As for Djokovic, he’s a bit harder to classify. In each of his major runs in 2007, he fought off a five-set challenge early on, raising his game as the event progressed. In 2008 he won only four titles, but they were the AO, the Masters shields of Miami and Rome, and finally the Masters Cup in China to end the season. Many a great talent, from Thomas Enqvist to Henri Leconte, has not played his best in the majors, but Djokovic appeared to be the opposite.

The closest comparison that comes to mind is Boris Becker, who won his first major at age 17, added four more by 1991, and then reached No. 1 in the world that year.
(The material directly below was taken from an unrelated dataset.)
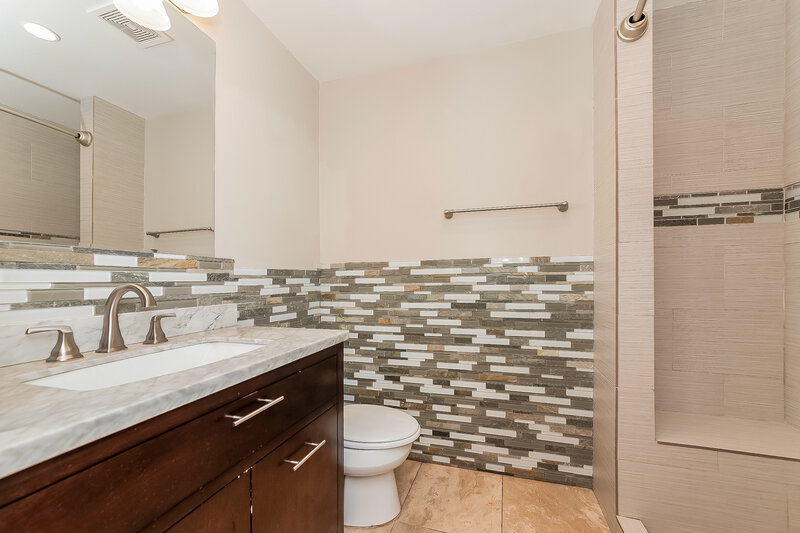 1,790/Mo, 1018 Brenton Leaf Dr Ruskin, FL 33570 Bathroom View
Following his upset defeat in the finals of Wimbledon that year, Becker became a far less consistent performer in the years to come, taking all of four years to start consistently contending for majors not played on grass, and four and half to win his sixth.

The Serb’s decline may be less precipitous than Becker’s, but ultimately it hurts more: Many of us who have appreciated his play are now aghast by his results, and wonder if he’ll ever reach the potential he once showed. There have been questions about his change of rackets, coaching issues, and health concerns, but the greatest regression has been mental.

After being beaten by Nadal at the 2008 RG semis, he didn’t show up at Wimbledon and was ushered out early by Marat Safin. After falling just short in a brutal battle with Nadal in Madrid last year, he sleepwalked into Paris and fell early.

(Of course, Nadal hasn’t been the same since then either; if he never wins a major Djokovic can say that he finished the Spaniard as a top player, though that’s probably not the distinction he was hoping for.)

In this past fall he had given hope to his many fans by going on a tear, winning three of four events at one stage and, once again, scoring wins over Nadal and Federer in the process. All a proper set up to a return to Australian Open glory … or so it seemed.

Djokovic played a fine event up to the quarters, where he ran into the streaky offensive player Jo-Wilfried Tsonga. Federer awaited the winner, having just hit his stride in dispatching Nikolay Davydenko, the hottest player on tour.

When Djokovic ran out to a 5-2 lead over Tsonga, it appeared that he might be playing well enough to test the Great Swiss. It was not to be: Kept off-balance by Tsonga’s power and unsure of how aggressive to be, Djokovic blew his lead and lost the first set in a tiebreak. A similar situation took place in the second set, but the Serb survived that breaker, running away with set three.

In set four, though, his physical ailments returned, and he could not close out the streaky Frenchman. He won just four games in the last two sets.

Instead of a Fed-Djoker semi, a clash between to of the most complete, natural-looking players on tour, we watched as Federer dissected Tsonga’s unsubtle game in straight sets, in much the way Djokovic should have.

The Serb’s physical frailty is certainly a concern, as the Tsonga match revealed. But if it weren’t for his mental frailty – the early leads he let slip away – his body might not have been given a chance to betray him.

Now, one can only wonder if Djokovic’s early momentum is gone for good. In the early part of his career he looked the part of a player tough enough to win the big ones. Now, it’s unclear whether he can handle adversity.

If he doesn’t, a potentially great career will go down as a great disappointment.